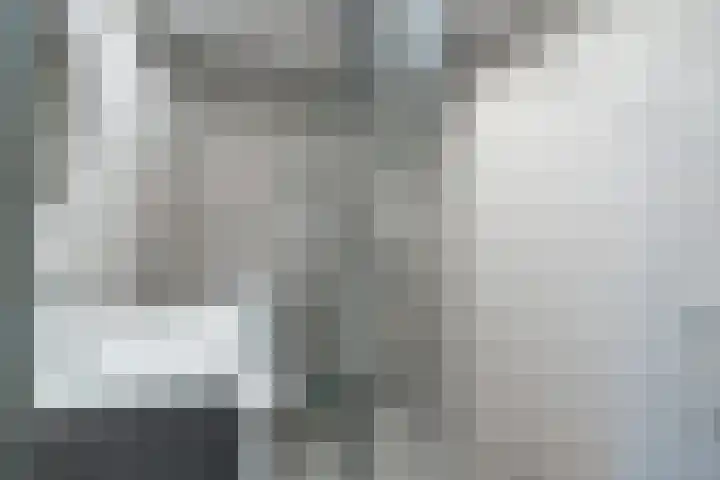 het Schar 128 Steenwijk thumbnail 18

......

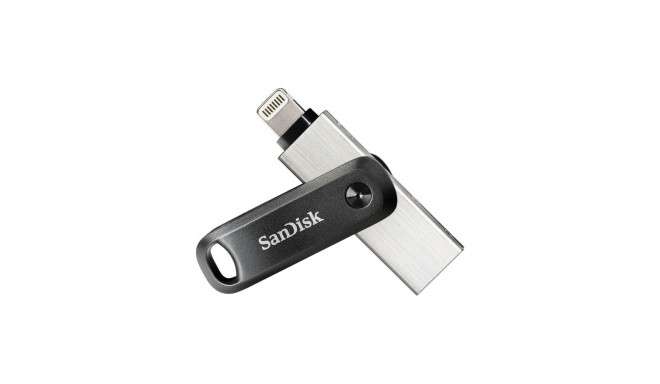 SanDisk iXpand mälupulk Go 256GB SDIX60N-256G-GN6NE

......

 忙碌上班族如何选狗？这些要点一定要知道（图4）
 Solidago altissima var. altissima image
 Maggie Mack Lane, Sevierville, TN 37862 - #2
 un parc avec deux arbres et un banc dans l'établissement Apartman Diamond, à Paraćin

......

Problem
From the records above, retype only the lines starting at the line that contains "Solidago altissima var. altissima image" and ending at the line that contains "un parc avec", both included.

Result
 Solidago altissima var. altissima image
 Maggie Mack Lane, Sevierville, TN 37862 - #2
 un parc avec deux arbres et un banc dans l'établissement Apartman Diamond, à Paraćin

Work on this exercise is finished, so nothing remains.